Anders als in Deutschland, Österreich und Südtirol, wo die Hotels größtenteils für Touristen geschlossen sind, hat sich die Schweiz lediglich zu einem Mini-Lockdown entschieden. Die meisten Bergbahnen, Hotels und Ferienwohnungen bleiben geöffnet, in St. Moritz sind aktuell 44 Lifte in Betrieb. Ein strategischer Fehler?
Furcht vor einem Imageschaden durch das Virus
"Das mutierte Virus wurde insbesondere bei Hotelmitarbeitenden festgestellt und nicht auf Gäste übertragen", versichert die Kommunikationsstelle Coronavirus des Kantons Graubünden. Dies zeige laut Kantonsregierung, "dass die Schutzkonzepte der Hotels funktionieren und das Testen von Mitarbeitenden eine sinnvolle, wirksame Maßnahme ist." Die Frage ist jedoch, welchen Imageschaden das Virus mittelfristig anrichtet - und wie es den verbliebenen Gästen in der Luxus-Quarantäne geht.
Die Quarantäne im Badrutt's Palace dauert noch bis zum 27. Januar. "Die Stimmung im Hotel ist unter Gästen und Angestellten gut", sagt Hoteldirektor Richard Leuenberger. Es gebe eine große Kooperationsbereitschaft und viel Verständnis. Skifahren, Spazieren auf dem zugefrorenen See und Einkaufsbummel durch die Luxusboutiquen der Fußgängerzone sind für die Gäste im Moment allerdings nicht angesagt - was sehr untypisch ist.
Das Fünf-Sterne-Hotel im Zentrum von St. Moritz gilt eigentlich als Synonym für Glanz und Glamour, seit seiner Eröffnung im Jahr 1896 steigen dort die Reichen, Schönen und Wichtigen ab. Zu den Gästen zählten Audrey Hepburn, Marlene Dietrich und Charlie Chaplin. Die "Royal Corner" in der feudalen Lobby blieb lange den Adeligen vorbehalten - mittlerweile dürfen auch Normalsterbliche den legendären Afternoon Tea dort genießen, vorausgesetzt, sie können sich einen Aufenthalt im Palace leisten.

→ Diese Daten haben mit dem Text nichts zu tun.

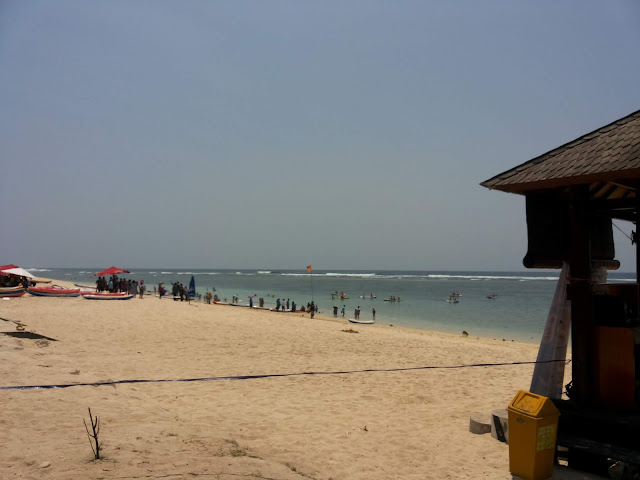 Hamparan pasir putih dan ombak yang tenang di Pantai Pandawa Bali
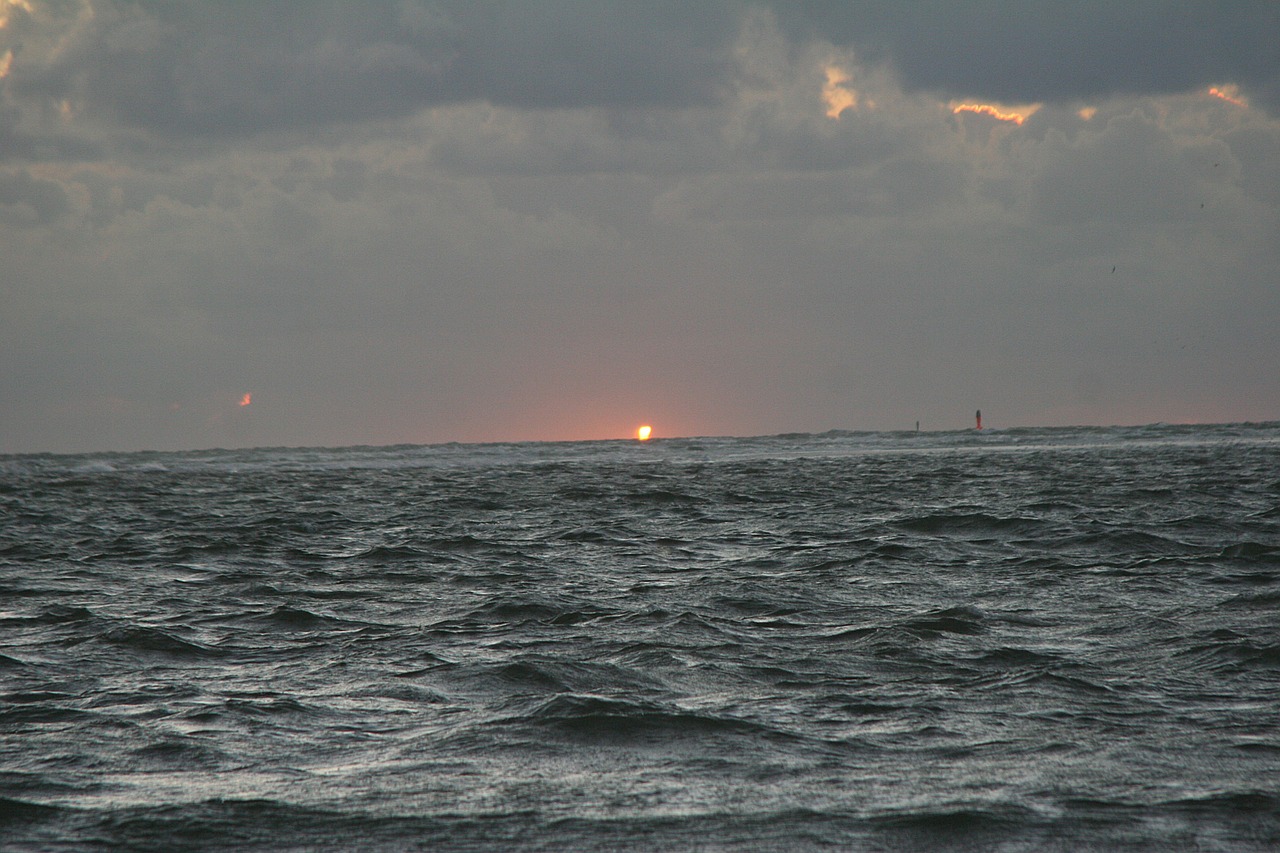 rough seas north sea borkum free photo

Quarantäne am Pool oder in der Sauna
"Quarantäne heißt aber nicht, dass alle Gäste sich nur im Zimmer aufhalten müssen", sagt Leuenberger. Die Gäste, die sich noch im Hotel befinden und einen negativen Corona-Test haben, dürfen sich frei im Haus bewegen und alle Einrichtungen unter Einhaltung der Sicherheitsmaßnahmen nutzen. Sie dürfen jedoch das Hotelgelände nicht verlassen. Nachdem alle 3184 Einwohner der Gemeinde PCR-Tests gemacht haben, sind in St. Moritz wieder Skikurse und Spazierengehen ohne Maske erlaubt - aber nicht für die Gäste in Quarantäne. Abreisen sind nur möglich gegen Vorweis eines negativen Tests, der direkt im Hotel vorgenommen wird.

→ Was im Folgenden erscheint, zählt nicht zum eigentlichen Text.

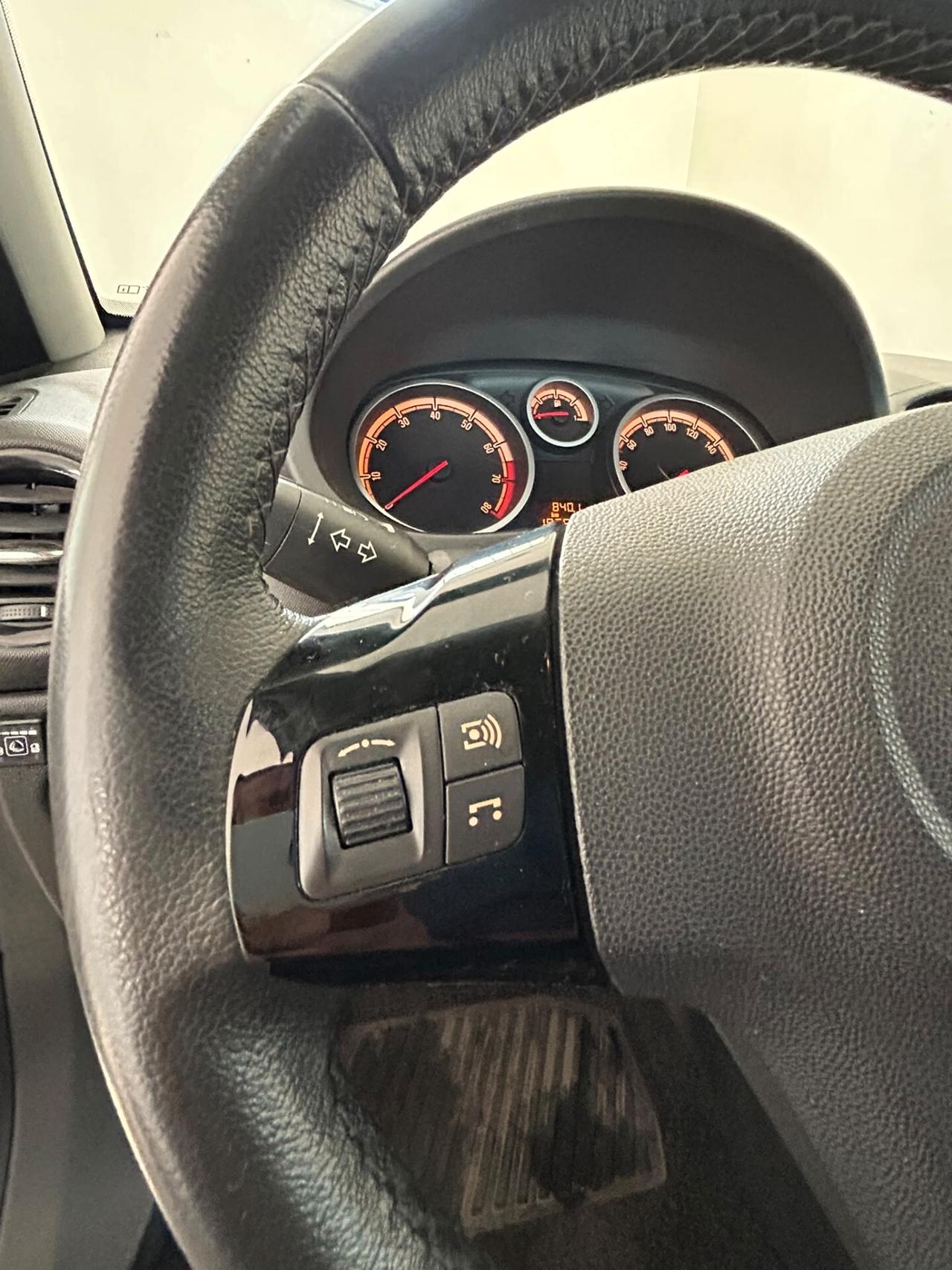 Opel Corsa 1.2 80CV 5 porte GPL-TECH Edition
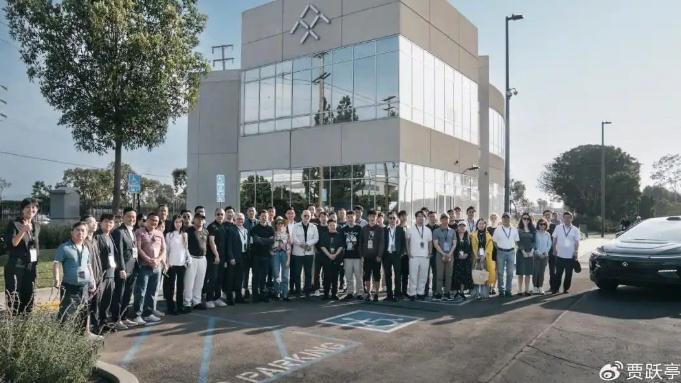 贾跃亭数度哽咽:散户救了我们的命 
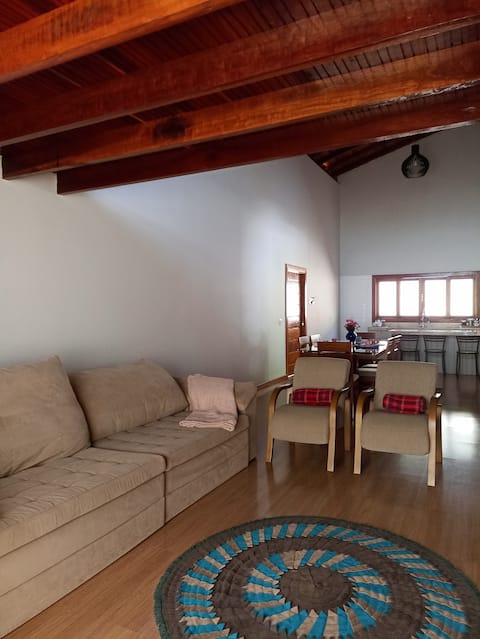 Imóvel de sucesso: Ipê Rosa Cottage em Alto Caparaó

"Wir tun alles dafür, um für unsere Gäste trotz allem einen schönen Aufenthalt zu kreieren", versichert der Direktor, das Angebot sei trotz Quarantäne kaum eingeschränkt. Zu den Annehmlichkeiten des Luxushotels gehören sechs Restaurants, mehrere Pools, Saunen, Fitnessraum, Coiffeur, Butlerservice und vieles mehr. Wer den Kontakt zur Außenwelt scheut, kann sich Köstlichkeiten aufs Zimmer bestellen, etwa Rösti mit Lachs und Kaviar für 95 Franken (88 Euro).
Apropos Kosten: Wer bezahlt die Zeche für die Quarantäne in so einem Superluxushotel? In der Hochsaison im Winter zahlt man für das günstigste Doppelzimmer im Palace etwa 800 Euro, eine Nacht in der Hitchcock-Suite, wo Alfred Hitchcock die Idee zu seinem Film "Die Vögel" gehabt haben soll, beläuft sich auf etwa 3400 Euro. "Es gibt Gäste, die nach dem Erhalt ihres negativen Testresultats abgereist sind, einige haben sich jedoch auch entschieden zu bleiben und ihren Aufenthalt bei uns auf ihre Kosten fortzusetzen", sagt Hoteldirektor Leuenberger. Die erste Nacht vom Beginn der Quarantäne bis zum Erhalt des Testresultats gingen aufs Haus.